■ **TASK TO COMPLETE**:
The records below hold a stretch from the line with "Juliane – hundetrener" through the line with "minutos pagantes do"; return exactly those lines, ends included, and nothing more.

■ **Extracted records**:

--

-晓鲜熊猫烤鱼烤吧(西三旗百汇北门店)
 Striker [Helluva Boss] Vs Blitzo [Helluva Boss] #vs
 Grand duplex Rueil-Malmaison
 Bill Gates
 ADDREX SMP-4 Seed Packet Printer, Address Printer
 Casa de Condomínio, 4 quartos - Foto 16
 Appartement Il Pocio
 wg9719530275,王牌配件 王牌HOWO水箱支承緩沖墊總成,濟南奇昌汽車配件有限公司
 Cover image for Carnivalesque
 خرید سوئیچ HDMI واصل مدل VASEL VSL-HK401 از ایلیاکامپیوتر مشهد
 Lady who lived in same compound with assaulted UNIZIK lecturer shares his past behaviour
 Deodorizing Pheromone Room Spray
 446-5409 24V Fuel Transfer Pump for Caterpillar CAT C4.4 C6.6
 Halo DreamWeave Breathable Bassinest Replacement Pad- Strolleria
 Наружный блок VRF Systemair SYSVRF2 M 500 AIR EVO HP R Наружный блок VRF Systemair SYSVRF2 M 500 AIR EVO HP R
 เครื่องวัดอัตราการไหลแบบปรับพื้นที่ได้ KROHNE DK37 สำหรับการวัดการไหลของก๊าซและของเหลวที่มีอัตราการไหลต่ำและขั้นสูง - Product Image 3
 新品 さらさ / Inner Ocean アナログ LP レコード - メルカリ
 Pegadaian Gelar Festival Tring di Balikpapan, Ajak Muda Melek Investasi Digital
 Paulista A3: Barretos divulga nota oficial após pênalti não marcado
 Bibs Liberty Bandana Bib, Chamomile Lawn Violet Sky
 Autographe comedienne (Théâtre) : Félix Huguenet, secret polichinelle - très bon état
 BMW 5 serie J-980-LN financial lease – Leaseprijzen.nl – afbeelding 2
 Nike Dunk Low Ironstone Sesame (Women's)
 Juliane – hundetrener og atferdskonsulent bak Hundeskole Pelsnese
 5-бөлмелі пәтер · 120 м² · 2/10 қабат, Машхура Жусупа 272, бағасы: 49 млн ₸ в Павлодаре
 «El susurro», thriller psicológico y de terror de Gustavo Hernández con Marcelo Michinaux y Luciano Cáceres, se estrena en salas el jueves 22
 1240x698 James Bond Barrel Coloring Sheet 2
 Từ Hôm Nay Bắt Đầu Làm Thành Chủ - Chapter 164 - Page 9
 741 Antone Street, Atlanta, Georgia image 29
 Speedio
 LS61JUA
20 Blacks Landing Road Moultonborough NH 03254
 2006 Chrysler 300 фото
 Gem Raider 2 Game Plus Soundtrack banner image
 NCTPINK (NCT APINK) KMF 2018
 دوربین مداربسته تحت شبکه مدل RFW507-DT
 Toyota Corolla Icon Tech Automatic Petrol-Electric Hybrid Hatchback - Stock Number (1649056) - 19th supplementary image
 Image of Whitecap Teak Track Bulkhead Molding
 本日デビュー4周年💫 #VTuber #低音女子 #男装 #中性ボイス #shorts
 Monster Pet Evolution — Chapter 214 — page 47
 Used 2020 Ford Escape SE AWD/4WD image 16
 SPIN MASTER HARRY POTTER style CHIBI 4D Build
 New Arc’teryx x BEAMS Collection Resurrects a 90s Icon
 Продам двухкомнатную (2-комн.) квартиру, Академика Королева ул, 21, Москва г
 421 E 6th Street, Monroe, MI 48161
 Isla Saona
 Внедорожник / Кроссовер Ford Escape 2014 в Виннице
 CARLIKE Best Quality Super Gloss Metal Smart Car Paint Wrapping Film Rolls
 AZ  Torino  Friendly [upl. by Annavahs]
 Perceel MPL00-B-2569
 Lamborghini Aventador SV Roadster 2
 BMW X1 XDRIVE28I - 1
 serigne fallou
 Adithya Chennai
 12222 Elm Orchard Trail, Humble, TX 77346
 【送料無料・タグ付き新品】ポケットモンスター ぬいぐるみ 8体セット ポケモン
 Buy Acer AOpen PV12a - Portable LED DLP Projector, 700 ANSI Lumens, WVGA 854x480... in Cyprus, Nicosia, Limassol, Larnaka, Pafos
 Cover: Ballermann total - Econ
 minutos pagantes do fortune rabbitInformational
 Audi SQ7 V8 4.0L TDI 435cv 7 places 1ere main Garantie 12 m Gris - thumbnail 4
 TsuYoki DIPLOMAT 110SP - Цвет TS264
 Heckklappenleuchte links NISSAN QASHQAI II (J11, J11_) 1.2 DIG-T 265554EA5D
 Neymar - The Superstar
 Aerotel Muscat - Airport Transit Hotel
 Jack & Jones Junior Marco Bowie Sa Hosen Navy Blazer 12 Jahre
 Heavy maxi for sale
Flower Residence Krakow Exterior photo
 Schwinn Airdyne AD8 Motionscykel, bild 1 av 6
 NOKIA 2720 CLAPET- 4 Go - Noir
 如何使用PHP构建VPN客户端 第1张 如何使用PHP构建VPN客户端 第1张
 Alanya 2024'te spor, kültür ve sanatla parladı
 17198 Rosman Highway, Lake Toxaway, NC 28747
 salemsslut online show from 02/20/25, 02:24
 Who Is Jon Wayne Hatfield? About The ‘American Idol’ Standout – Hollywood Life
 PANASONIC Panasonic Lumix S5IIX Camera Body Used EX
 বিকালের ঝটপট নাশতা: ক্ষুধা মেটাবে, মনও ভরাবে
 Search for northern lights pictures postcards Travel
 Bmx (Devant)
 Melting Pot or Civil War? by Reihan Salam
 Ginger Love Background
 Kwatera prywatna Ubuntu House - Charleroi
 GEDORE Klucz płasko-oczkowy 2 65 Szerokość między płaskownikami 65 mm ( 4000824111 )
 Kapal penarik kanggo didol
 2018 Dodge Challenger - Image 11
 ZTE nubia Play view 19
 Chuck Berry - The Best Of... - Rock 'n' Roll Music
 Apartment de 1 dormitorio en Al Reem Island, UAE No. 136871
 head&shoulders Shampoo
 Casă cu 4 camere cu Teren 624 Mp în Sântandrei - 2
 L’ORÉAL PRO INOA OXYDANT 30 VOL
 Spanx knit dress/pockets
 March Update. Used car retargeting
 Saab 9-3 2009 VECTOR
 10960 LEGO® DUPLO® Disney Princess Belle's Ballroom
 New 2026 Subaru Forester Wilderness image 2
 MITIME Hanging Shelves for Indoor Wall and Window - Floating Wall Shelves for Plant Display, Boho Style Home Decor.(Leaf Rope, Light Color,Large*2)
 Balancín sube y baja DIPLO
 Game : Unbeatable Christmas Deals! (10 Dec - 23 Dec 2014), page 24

--

■ **SOLUTION TO THE EXERCISE**:
 Juliane – hundetrener og atferdskonsulent bak Hundeskole Pelsnese
 5-бөлмелі пәтер · 120 м² · 2/10 қабат, Машхура Жусупа 272, бағасы: 49 млн ₸ в Павлодаре
 «El susurro», thriller psicológico y de terror de Gustavo Hernández con Marcelo Michinaux y Luciano Cáceres, se estrena en salas el jueves 22
 1240x698 James Bond Barrel Coloring Sheet 2
 Từ Hôm Nay Bắt Đầu Làm Thành Chủ - Chapter 164 - Page 9
 741 Antone Street, Atlanta, Georgia image 29
 Speedio
 LS61JUA
20 Blacks Landing Road Moultonborough NH 03254
 2006 Chrysler 300 фото
 Gem Raider 2 Game Plus Soundtrack banner image
 NCTPINK (NCT APINK) KMF 2018
 دوربین مداربسته تحت شبکه مدل RFW507-DT
 Toyota Corolla Icon Tech Automatic Petrol-Electric Hybrid Hatchback - Stock Number (1649056) - 19th supplementary image
 Image of Whitecap Teak Track Bulkhead Molding
 本日デビュー4周年💫 #VTuber #低音女子 #男装 #中性ボイス #shorts
 Monster Pet Evolution — Chapter 214 — page 47
 Used 2020 Ford Escape SE AWD/4WD image 16
 SPIN MASTER HARRY POTTER style CHIBI 4D Build
 New Arc’teryx x BEAMS Collection Resurrects a 90s Icon
 Продам двухкомнатную (2-комн.) квартиру, Академика Королева ул, 21, Москва г
 421 E 6th Street, Monroe, MI 48161
 Isla Saona
 Внедорожник / Кроссовер Ford Escape 2014 в Виннице
 CARLIKE Best Quality Super Gloss Metal Smart Car Paint Wrapping Film Rolls
 AZ  Torino  Friendly [upl. by Annavahs]
 Perceel MPL00-B-2569
 Lamborghini Aventador SV Roadster 2
 BMW X1 XDRIVE28I - 1
 serigne fallou
 Adithya Chennai
 12222 Elm Orchard Trail, Humble, TX 77346
 【送料無料・タグ付き新品】ポケットモンスター ぬいぐるみ 8体セット ポケモン
 Buy Acer AOpen PV12a - Portable LED DLP Projector, 700 ANSI Lumens, WVGA 854x480... in Cyprus, Nicosia, Limassol, Larnaka, Pafos
 Cover: Ballermann total - Econ
 minutos pagantes do fortune rabbitInformational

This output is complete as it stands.